FCC Net Neutrality Rules: What Does Proposal Mean For Comcast-TWC Post-2018?

Comcast has been vague in response to questions about what it will do when its Net neutrality condition expires

Internet Circuits The FCC is reportedly proposing new rules that could spell the end for Net neutrality.

In the wake of a controversial proposal by regulators that would allow broadband providers to charge more for access to their fastest lanes, all eyes turned to Comcast, the conglomerate seeking regulatory approval for its merger with Time Warner Cable, for its stance on the issue.

The proposed rules from the Federal Communications Commission were swiftly condemned by advocates of an open Internet, who cherish Net neutrality, the principle that all content should be treated equally on the Web. And for the many Americans who get online through Comcast Corp. (NASDAQ:CMCSA), the nation’s largest provider of high-speed Internet service, a vocal public backlash may be only the beginning. If the Philadelphia-based cable giant’s merger with Time Warner Cable Inc. (NYSE:TWC) is approved, Comcast would gain control of one-third of the U.S. broadband market. Its stance on Net neutrality is not one that consumers -- or regulators -- can afford to ignore, as they debate the proposed rules, which will be released for public comment on May 15 and voted on later this year.

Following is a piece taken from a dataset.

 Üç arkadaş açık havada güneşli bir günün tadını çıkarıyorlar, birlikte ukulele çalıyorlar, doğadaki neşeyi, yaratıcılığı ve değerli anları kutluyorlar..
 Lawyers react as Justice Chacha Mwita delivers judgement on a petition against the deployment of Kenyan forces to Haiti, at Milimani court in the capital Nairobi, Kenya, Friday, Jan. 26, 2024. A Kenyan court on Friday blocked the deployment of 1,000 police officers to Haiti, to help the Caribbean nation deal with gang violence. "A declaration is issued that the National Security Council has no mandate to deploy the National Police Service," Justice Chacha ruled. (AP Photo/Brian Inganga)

Some content companies, most visibly Netflix Inc. (NASDAQ:NFLX), have already come out against the Comcast merger for that very reason, saying the merged entity would have the power to, among other things, discriminate against unaffiliated content. In a letter to Netflix shareholders this week, Reed Hastings, the company’s CEO, said Comcast is already dominant to the point of being able to demand “unprecedented fees” from online streaming services. A larger Comcast, Hastings said, will clearly just make things worse. “The combined company would possess even more anti-competitive leverage to charge arbitrary interconnection tolls for access to their customers,” Hastings said. “For this reason, Netflix opposes this merger.”

The comment came following a deal in which Netflix reluctantly agreed to pay Comcast for a direct connection that would increase the speed of its streaming services. But Comcast quickly swung back, calling Netflix’s position full of “inaccuracies” and reminding consumers, as it often does, that Comcast is the only U.S. Internet service provider legally bound to adhere to the principle of Net neutrality. “There has been no company that has had a stronger commitment to openness of the Internet than Comcast,” Jennifer Khoury, a company spokesman, said in a statement. “[W]e are the only ISP in the country that is currently legally bound by the FCC’s vacated net neutrality rules.”

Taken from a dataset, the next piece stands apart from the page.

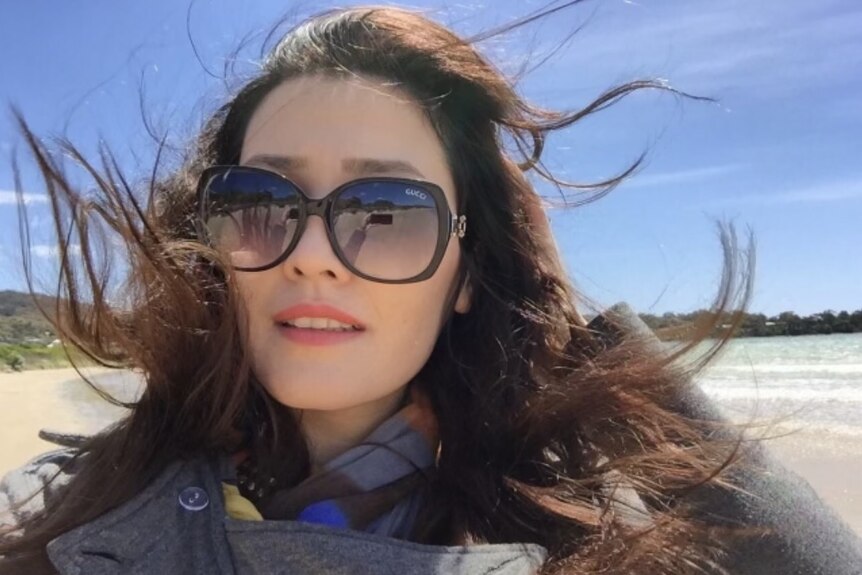 A photo of a woman in sunglasses and wind in her hair.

Indeed, a federal appeals court in January struck down, for the second time, the FCC’s previous open Internet rules. Comcast, as a condition of its 2011 merger with NBCUniversal, is still bound by them -- and it has been repeatedly reminding consumers of that fact in its bid to win public support for the TWC merger. “In fact, one of the many benefits of our proposed transaction with Time Warner Cable will be the extension of Net neutrality protections to millions of additional Americans,” Khoury said.

But there’s just one small problem. Comcast is only bound by the merger condition until 2018. Provided the merger with TWC is approved, and provided the FCC’s proposed rules are not friendly to Net neutrality, Comcast, in just four short years, would be in a position to flip off the “neutral” switch on a third of Internet users.  

How Comcast will operate beyond 2018 remains one of the biggest question marks in the communications industry. At a congressional hearing this month, Sen. Patrick Leahy, D-Vt., asked David Cohen, Comcast’s executive vice president, that very question, but Cohen’s answer wasn’t exactly forthcoming. As Consumerist noted, Cohen remarked that the issue will likely take care of itself, as the FCC was working on proposed rules to address the issue. “I can’t imagine the commission isn’t going to have those rules in place before 2018,” Cohen said.

But as we’ve seen from Thursday’s announcement, those rules are not likely to preserve Net neutrality at all. At best, they will provide a mechanism by which online players like Google Inc. (NASDAQ:GOOG) and Amazon.com Inc. (NASDAQ:AMZN) can ensure speedier delivery of their content by ponying up lane tolls to Internet service providers. The larger concern is that that speedier delivery will come at the expense of those smaller players that can’t afford to pay for it.

Comcast can affirm its commitment to a “free and open Internet” all it wants. As a company seeking regulatory approval for a high-profile and highly controversial merger, it has no choice but to be on its best behavior. Customers will have to wait until after 2018 to find out if Comcast’s claims are genuine or just lip service.

In the meantime, proponents of Net neutrality are remaining anything but neutral. Upon news of the FCC’s proposed rules on Thursday, advocates launched a White House petition calling on the Obama administration to preserve “complete neutrality in our communication channels.” In a matter of hours, the petition had gained more than 1,000 signatures. If it reaches 100,000, the White House is required to respond.